Par Burak Bekdil – Gatestone

  • Une volonté obsessionnelle de restaurer l’ancienne gloire impériale turque amène Erdoğan à se tourner désormais vers l’est. La Turquie tente une alliance stratégique islamo/pan-turque avec l’Azerbaïdjan et le Pakistan à laquelle il ajoute des alliances tactiques avec l’Iran, le Qatar et le Bangladesh.
  • Son idée est de réunir trois nations musulmanes : la Turquie, membre de l’OTAN ; l’Azerbaïdjan riche en hydrocarbures et de plus en plus solidement armée ; et le Pakistan puissamment doté d’un arsenal nucléaire.
  • Erdoğan s’est rendu plus de 20 fois en Azerbaïdjan au cours de sa présidence ; et cela n’a rien d’une coïncidence.
  • Ankara pense que le retrait américain d’Afghanistan a ouvert un espace pour un leadership de la Turquie et du Pakistan.

Les perspectives apparaissent prometteuses.
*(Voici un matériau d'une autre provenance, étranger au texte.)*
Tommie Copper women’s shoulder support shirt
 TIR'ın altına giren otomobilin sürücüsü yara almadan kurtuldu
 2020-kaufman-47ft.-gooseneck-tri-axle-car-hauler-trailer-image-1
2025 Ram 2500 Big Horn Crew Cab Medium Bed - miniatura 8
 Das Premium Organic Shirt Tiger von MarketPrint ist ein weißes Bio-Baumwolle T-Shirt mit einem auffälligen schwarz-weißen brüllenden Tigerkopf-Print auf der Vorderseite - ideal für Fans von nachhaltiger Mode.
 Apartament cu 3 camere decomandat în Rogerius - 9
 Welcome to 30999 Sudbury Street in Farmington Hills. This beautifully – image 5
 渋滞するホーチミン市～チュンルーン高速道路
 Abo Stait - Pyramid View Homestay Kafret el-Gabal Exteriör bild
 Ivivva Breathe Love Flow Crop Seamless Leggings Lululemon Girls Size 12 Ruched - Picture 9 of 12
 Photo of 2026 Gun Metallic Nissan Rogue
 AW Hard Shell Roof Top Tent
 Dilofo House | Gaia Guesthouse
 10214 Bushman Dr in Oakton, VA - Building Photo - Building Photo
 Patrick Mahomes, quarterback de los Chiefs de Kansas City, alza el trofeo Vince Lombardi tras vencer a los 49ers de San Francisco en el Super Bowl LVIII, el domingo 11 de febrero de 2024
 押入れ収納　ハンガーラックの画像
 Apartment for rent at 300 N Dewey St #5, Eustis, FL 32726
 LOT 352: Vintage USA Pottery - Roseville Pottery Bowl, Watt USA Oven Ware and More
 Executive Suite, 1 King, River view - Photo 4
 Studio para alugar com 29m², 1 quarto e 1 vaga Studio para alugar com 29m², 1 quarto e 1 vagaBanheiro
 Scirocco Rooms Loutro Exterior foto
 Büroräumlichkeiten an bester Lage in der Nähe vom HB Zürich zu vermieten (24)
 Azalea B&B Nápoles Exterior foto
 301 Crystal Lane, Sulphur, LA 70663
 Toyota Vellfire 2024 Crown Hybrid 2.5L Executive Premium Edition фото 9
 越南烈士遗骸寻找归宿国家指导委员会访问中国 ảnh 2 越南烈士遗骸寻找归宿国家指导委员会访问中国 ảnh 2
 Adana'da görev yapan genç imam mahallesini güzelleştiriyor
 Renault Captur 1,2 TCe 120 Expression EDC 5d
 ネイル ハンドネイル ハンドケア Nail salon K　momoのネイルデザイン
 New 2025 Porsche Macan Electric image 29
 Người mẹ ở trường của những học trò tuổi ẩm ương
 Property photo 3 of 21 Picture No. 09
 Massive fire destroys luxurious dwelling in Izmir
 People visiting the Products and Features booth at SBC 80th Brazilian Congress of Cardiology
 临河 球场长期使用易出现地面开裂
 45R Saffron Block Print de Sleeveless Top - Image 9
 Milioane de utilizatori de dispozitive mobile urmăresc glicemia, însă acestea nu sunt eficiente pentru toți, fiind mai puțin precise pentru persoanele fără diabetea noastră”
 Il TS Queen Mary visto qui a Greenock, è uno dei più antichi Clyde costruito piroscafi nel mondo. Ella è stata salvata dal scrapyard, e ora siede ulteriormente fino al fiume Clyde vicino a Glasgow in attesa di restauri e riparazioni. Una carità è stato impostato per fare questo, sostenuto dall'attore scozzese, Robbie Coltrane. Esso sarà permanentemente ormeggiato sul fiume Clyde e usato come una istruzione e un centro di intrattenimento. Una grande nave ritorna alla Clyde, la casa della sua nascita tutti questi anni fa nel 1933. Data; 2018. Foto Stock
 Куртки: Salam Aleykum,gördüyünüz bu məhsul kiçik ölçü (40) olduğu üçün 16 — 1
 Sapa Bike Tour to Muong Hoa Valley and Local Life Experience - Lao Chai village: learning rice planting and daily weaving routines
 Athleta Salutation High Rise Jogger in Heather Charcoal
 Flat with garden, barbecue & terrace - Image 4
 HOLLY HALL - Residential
Mais il n’en est rien.

Le passage de la simple coopération entre États turcophones d’Asie centrale à une union politique dans le but d’affaiblir l’influence de Pékin et de Moscou ne risque pas de passer inaperçue à Pékin ou à Moscou.

En théorie, l’Iran est le « frère musulman » de la Turquie. En réalité, l’Iran (chiite) est le rival historique de la Turquie (sunnite), mais aussi son concurrent transfrontalier en Irak à majorité chiite et en Syrie sous domination politique chiite.

Et puis, il y a la Russie. L’Azerbaïdjan est plus un territoire russe qu’un territoire turc. Les Azéris russophones sont plus nombreux que ceux qui se plaisent à scander en turc « une nation, deux États ». Le Pakistan est devenu l’allié le plus puissant de la Chine et semble se satisfaire d’être devenu un territoire chinois.

Une volonté obsessionnelle de restaurer l’ancienne gloire impériale turque amène Erdoğan à regarder à l’est. La Turquie tente une alliance stratégique islamo/turque avec l’Azerbaïdjan riche en pétrole et de plus en plus solidement armée et le Pakistan disposant d’un arsenal nucléaire.

  • Sur la photo : Erdogan (à droite) et le Premier ministre pakistanais Imran Khan se rencontrent à Ankara, en Turquie, le 4 janvier 2019. (Photo par Adem Altan/AFP via Getty Images)

Les ambitieux calculs néo-ottomans du président turc Recep Tayyip Erdoğan se sont traduits par un isolement sans précédent de la Turquie au plan international. Au cours des cinq dernières années, la Turquie est le seul pays au monde qui a été sanctionné tout à tour par les États-Unis, la Russie et l’Union européenne. Le processus d’adhésion de la Turquie à l’UE est au point mort et le Conseil européen a engagé des procédures d’infraction contre le seul État musulman membre de l’OTAN.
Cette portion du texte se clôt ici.